The C-1 well was spudded on 25 May 2012 in 2,260 meters of water from Saipem’s Scarabeo 9, a dynamically positioned sixth-generation semisubmersible. A 24-in. hole was drilled to 3,161 meters TVD before the riser and BOP were run. The EC-Drill system was then run together with the riser.
DGD operations commenced on 21 June; a 17 ½-in. and a 12 ¼-in. section were drilled. The formation in both sections was generally carbonates, with potential for severe or total losses. DGD was applied to prevent losses from occurring, and dynamic circulation pressure effects were eliminated. The DGD topside system was rigged up offline, and when running the riser, the DGD pump was launched and attached to the riser for the last 400 meters of riser running.
There were variations in flow, but the EC-Drill system was capable of maintaining a riser level of 150 to 200 meters with 1,650-gal/min flow in the 17 ½-in. section, which was above expectations, and ROP was demonstrated to increase when decreasing BHP.
In a technique called managed pressure cementing, the EC-Drill system was also used while cementing the 13 3/8-in. casing to control BHP. In deepwater drilling where there’s a narrow margin, inevitable pressure makes it difficult to cement the casing or liner in place, potentially resulting in losses, Saiful Anuar Sabri, onsite drilling engineer for PETRONAS, said. “This system lowers the pressure level such that you can circulate prior to the cement job, and when the heavy cement goes through the shoe and starts rising in the annulus, you can drop the level further to eliminate that pressure you get during cementing. It’s the difference between a good cement job and one with losses. We applied the EC-Drill during cementing, and it was very effective.”
One lesson learned was that because of the abnormally high pressure differential at the casing-running tool caused by the reduced riser level, a much higher set-down weight than normal was required to set the seal assembly. This was initially not taken into account, and first attempts therefore failed. After applying sufficient weight, the seal assembly was successfully set and tested.

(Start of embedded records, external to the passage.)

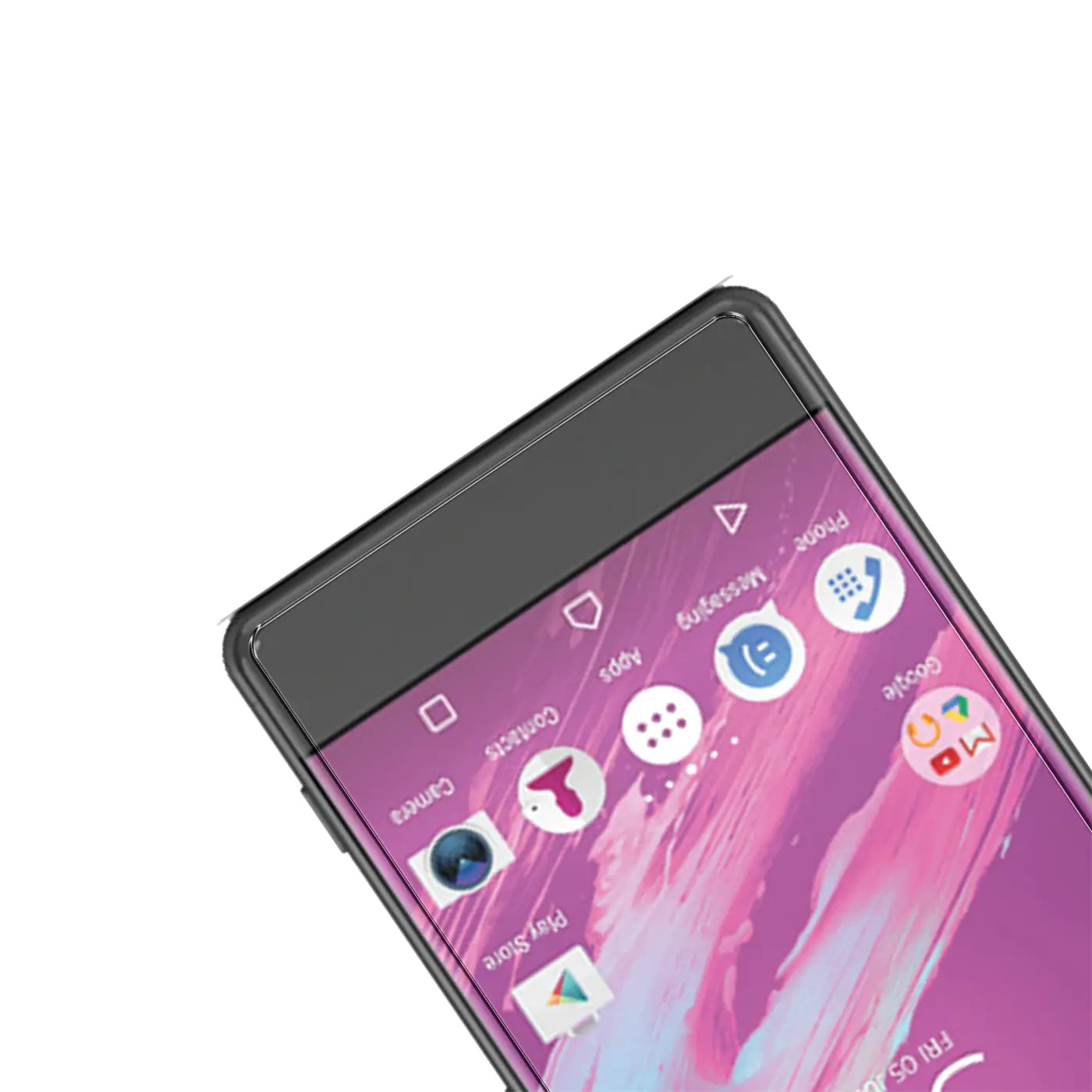 Nahaufnahme des oberen Teils eines Sony Xperia XA Smartphones mit schwarzem Rahmen und violettem Display, schräg von oben.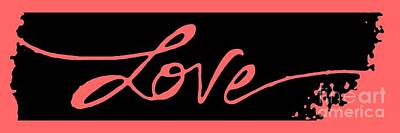 Mixed Media Royalty Free Images - Love in Handwritten Cursive Royalty-Free Image by L Machiavelli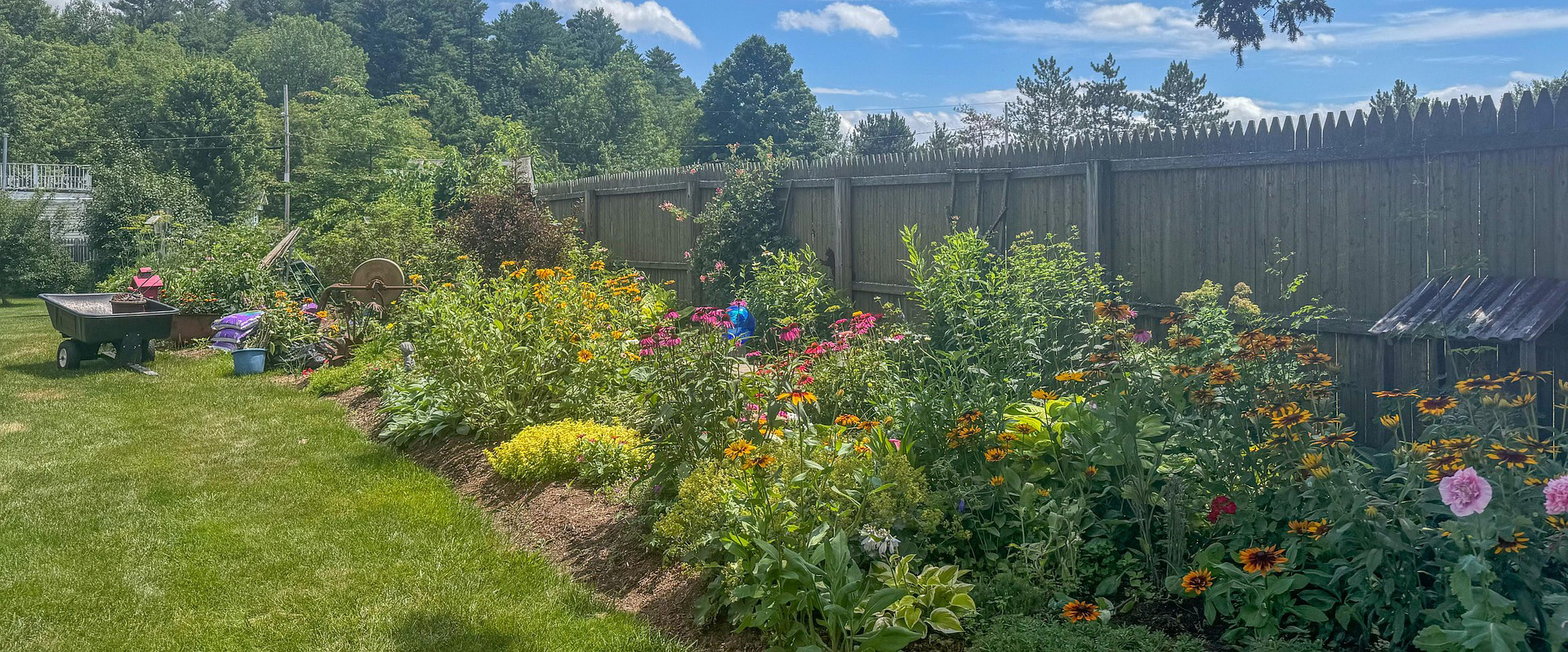 grote tuin met gazon, bloemperk, hek en bomen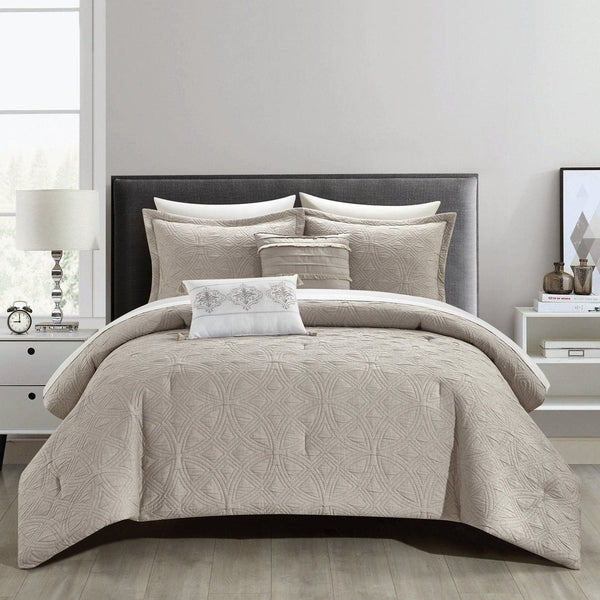 chic home Artista 9 Piece Cotton Blend Jacquard Comforter Set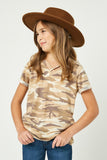 GJ3294 Taupe Girls Camo V Neck Criss Cross T Shirt Front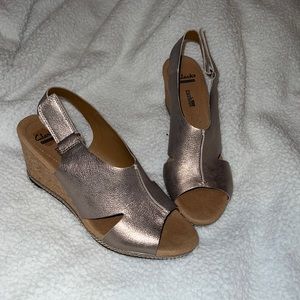 Clarks Gold Wedges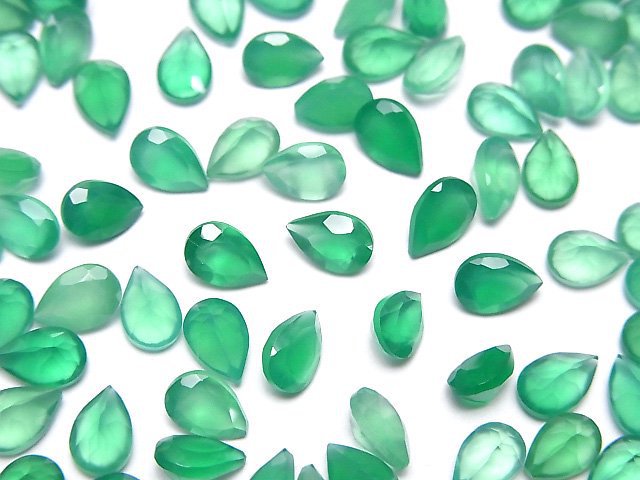 [Video]High Quality Green Onyx AAA Loose stone Pear shape Faceted 6x4mm 10pcs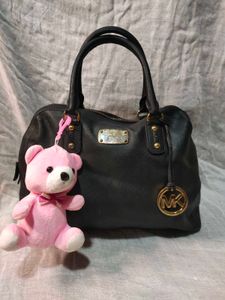Michael Kors Black Leather Satchel Bag with Charm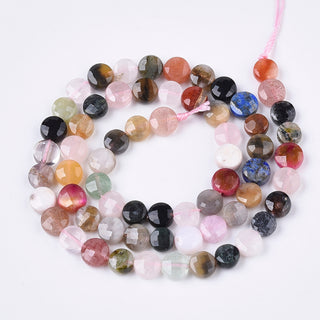 Natural Mixed Stone Beads Strands, Faceted, Flat Round, 6x3.5~4mm, Hole: 0.9mm, *Approx 72 Beads.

“If there is ever a seventh generation of deepwater rigs, such a system should be standard equipment because it has benefits in any deepwater drilling scenario,” Mr Ziegler concluded. “Industry has understood that DGD is a game changer for deepwater drilling, and there have been a whole series of field trials with complex systems, but the system that we have now developed with AGR is a simple system that can also be easily retrofitted on an existing rig.”

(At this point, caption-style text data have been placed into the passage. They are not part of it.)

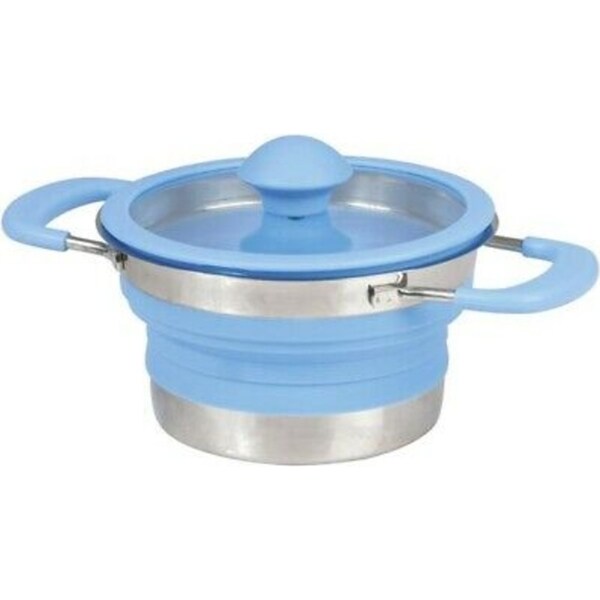 Ozoffer Collapsible Pop-up 3L Cook Pot with Lid Stainless Steel base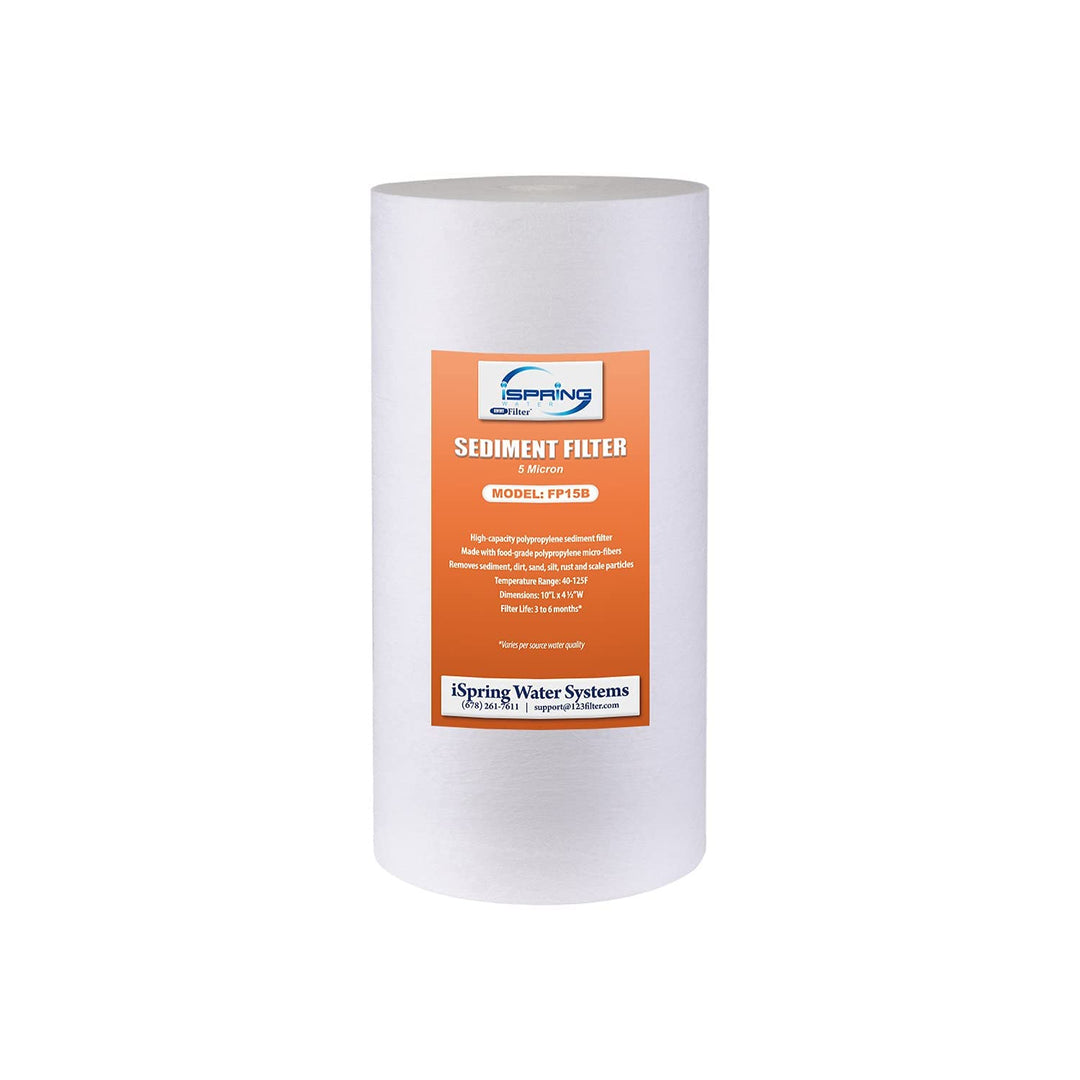 FP15B Sediment Filter Replacement Cartridge for Whole House Water Filtration Systems, High Capacity 5-Micron Premium PP, 4.5 x 10, White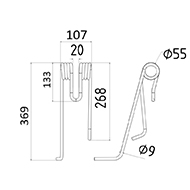 DENT FANEUR ANDAINEUR 4104311680 LELY ADAPTABLE LONG.369 LARG.107 DIAM SPIRE.55 FIL.9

The C-1 well was drilled using conventional methods of influx detection (Schlumberger/GeoServices Early Kick Detection System, PVT readings of the active system, and gas/salinity levels in return flow), and because the EC-Drill pump is installed below the slip joint, the return flow is not affected by vessel motion. In addition, the power consumption of the subsea pump module’s centrifugal disk pumps was monitored since it’s directly related to the volume of the mud pumped. Therefore, variations of the power consumption serve as a kick/loss detection instrument with steady-state flow-in. This kick/loss detection capability is within a single barrel, considered a major breakthrough on a floating rig.

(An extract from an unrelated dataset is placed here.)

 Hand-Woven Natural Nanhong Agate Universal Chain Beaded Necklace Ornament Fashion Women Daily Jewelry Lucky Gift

There were zero incidents relating to influxes into the wellbore while the EC-Drill system was in use, and the mud weight was always maintained high enough to ensure that loss of the mud pumps would not lead to the wellbore becoming underbalanced.
This article is based on a presentation at the 2013 IADC/SPE Managed Pressure Drilling and Underbalanced Operations Conference & Exhibition in San Antonio, Texas, 17–18 April 2013, by Robert Ziegler, Paul Ashley, Saiful Anuar Sabri, M. Ramdan Idris, PETRONAS; Roar Fredrik Malt, Roger Stave, Kjell Rune Toftevåg, AGR EDS-ORS.